As the internet emerged as the preferred means of accessing such information, the potential for directory owners like Telstra to translate directory information into a valuable online business opportunity seemed promising. As is often the case in the unpredictable world of the internet, it was not quite so simple.
In January 2014, Telstra sold a 70% share of Sensis, its directories subsidiary, to a US hedge fund for A$454 million, only 2.4 times projected 2014 earnings. This is quite a turnaround from the A$12 billion value suggested to Telstra’s Board in 2005. At the time, Telstra’s chief executive Sol Trujillo declined to spin-off the business, suggesting Sensis (Telstra’s directory business) would be “bigger than Google”.
Laughable then, laughable now. So how did this come to pass?
Better information, less asymmetry
The steep decline in the generic, supplier-provided data that is the essence of Yellow Pages has been driven by a set of related phenomena.

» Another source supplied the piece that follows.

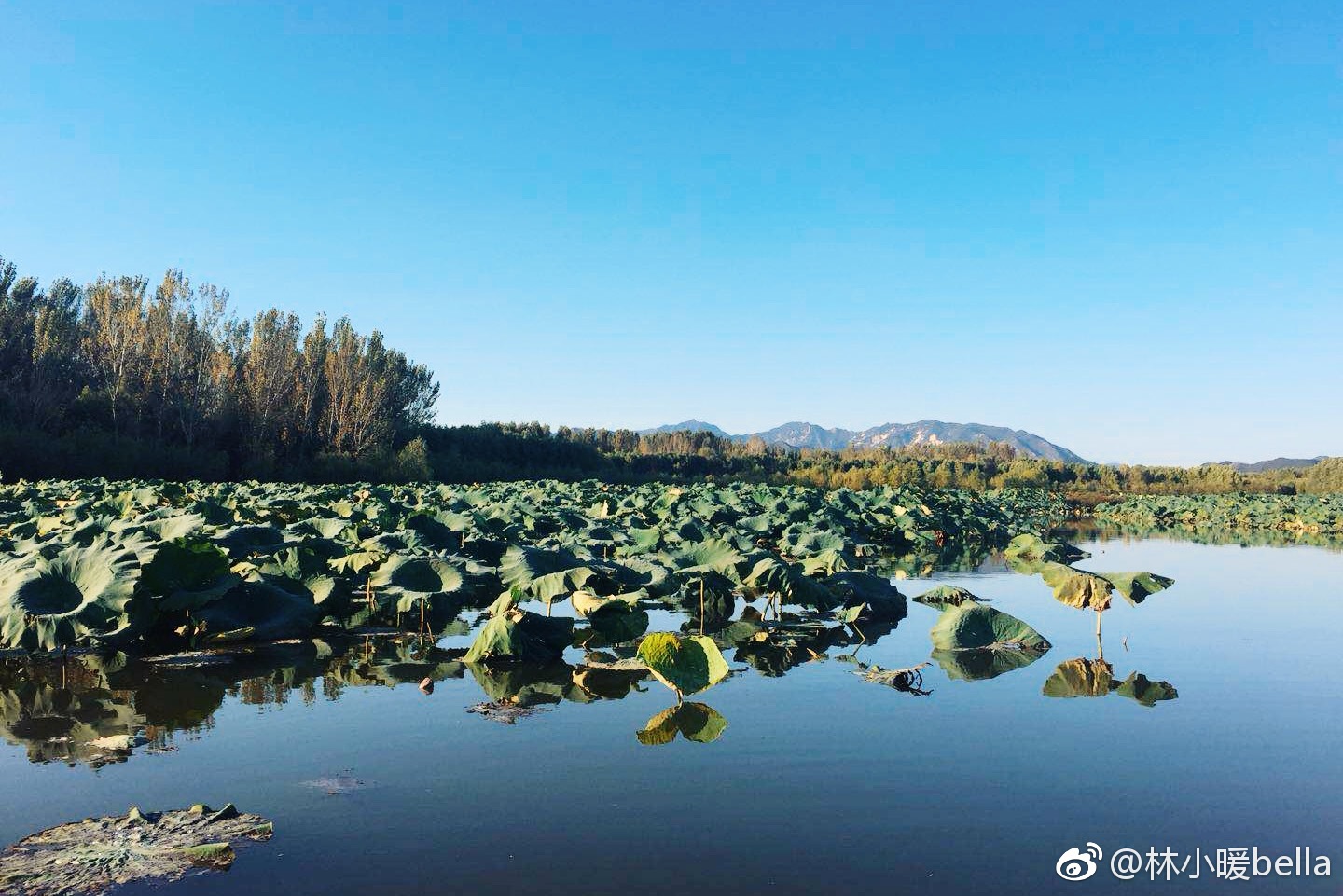 常記溪亭日暮,沉醉不知歸路.興盡晚回舟,誤入藕花深處.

First, sites like TripAdvisor have emerged to provide detailed and generally reliable information on services including hotels, tourist attractions, restaurants and the like. Importantly for Yellow Pages, sites such as these are becoming the first place for buyers to visit. As the quantity of collected reviews increase, the value of such sites increases greatly, as they provide a level of information on sellers that static directories cannot match.

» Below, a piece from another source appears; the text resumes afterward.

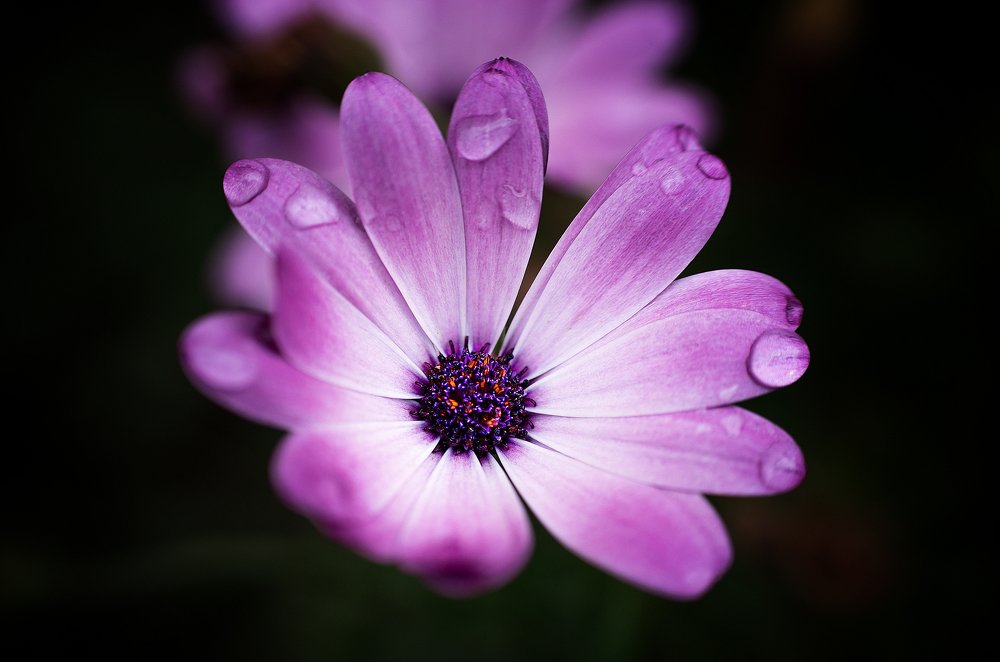 Rose Tears (One single shot)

Second, the costs of “searching” for information is in steep and terminal decline. Once, buying a set of golf clubs for the best price, for example, required a multitude of phone calls or, worse still, visits to stores with pushy salespeople. Now, finding the best price in the market is a few keystrokes away through Google.
The authors conclude:
Too late for Sensis?
This begs the question – can the Yellow Pages reinvent itself to be a new portal for information on sellers that will be valuable for buyers, and thus continue to attract advertisers? The answer is probably not. As a late mover into such information provision, it will have an almost insurmountable challenge to build an equivalent body of information in comparison to its competitors. More so, it will be a generalist in an industry full of specialists, the last site visited by buyers and thus the least valuable site for sellers to direct their advertising dollars to.
This makes the 2.4 times 2014 earnings paid in January for Sensis seem about right. Such a multiple suggests that this year’s Yellow Pages might be the last one to lob onto Australia’s front porches. If this is bad news for Sensis, it is good news for the millions of trees that will be saved!
In the meantime you can cancel your dead-tree deliveries from Sensis at www.directoryselect.com.au.